- _Problem requirements_: Beginning at the line containing "Regenbogenreis mit Hühnchen", output every line to the end of the data below exactly as it appears.

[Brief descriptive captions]

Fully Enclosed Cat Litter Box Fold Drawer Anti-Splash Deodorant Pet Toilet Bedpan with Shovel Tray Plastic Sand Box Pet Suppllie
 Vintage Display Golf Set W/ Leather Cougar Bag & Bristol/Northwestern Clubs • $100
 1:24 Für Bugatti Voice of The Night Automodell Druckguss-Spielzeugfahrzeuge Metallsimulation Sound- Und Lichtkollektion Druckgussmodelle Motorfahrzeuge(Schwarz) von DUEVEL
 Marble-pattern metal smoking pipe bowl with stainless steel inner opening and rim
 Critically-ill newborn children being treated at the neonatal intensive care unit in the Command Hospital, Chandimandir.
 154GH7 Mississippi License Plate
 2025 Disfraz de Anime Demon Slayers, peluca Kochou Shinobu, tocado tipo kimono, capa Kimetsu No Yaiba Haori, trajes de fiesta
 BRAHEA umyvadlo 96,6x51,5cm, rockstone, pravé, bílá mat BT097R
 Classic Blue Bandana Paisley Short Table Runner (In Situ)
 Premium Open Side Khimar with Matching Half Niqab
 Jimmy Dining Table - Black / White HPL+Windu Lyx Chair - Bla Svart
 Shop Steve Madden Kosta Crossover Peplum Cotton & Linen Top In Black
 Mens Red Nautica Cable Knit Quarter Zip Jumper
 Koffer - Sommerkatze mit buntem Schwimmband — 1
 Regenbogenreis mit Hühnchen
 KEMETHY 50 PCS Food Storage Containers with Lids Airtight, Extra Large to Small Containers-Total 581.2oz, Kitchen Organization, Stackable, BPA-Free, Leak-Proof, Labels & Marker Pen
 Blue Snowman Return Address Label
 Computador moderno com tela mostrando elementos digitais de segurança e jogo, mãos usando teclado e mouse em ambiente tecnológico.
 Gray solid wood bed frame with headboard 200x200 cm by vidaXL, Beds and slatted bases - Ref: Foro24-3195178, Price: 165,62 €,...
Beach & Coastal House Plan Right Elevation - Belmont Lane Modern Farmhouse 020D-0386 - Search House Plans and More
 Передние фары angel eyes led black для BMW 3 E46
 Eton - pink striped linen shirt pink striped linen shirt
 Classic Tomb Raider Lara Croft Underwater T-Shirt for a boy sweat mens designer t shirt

- _Response to the task_:
 Regenbogenreis mit Hühnchen
 KEMETHY 50 PCS Food Storage Containers with Lids Airtight, Extra Large to Small Containers-Total 581.2oz, Kitchen Organization, Stackable, BPA-Free, Leak-Proof, Labels & Marker Pen
 Blue Snowman Return Address Label
 Computador moderno com tela mostrando elementos digitais de segurança e jogo, mãos usando teclado e mouse em ambiente tecnológico.
 Gray solid wood bed frame with headboard 200x200 cm by vidaXL, Beds and slatted bases - Ref: Foro24-3195178, Price: 165,62 €,...
Beach & Coastal House Plan Right Elevation - Belmont Lane Modern Farmhouse 020D-0386 - Search House Plans and More
 Передние фары angel eyes led black для BMW 3 E46
 Eton - pink striped linen shirt pink striped linen shirt
 Classic Tomb Raider Lara Croft Underwater T-Shirt for a boy sweat mens designer t shirt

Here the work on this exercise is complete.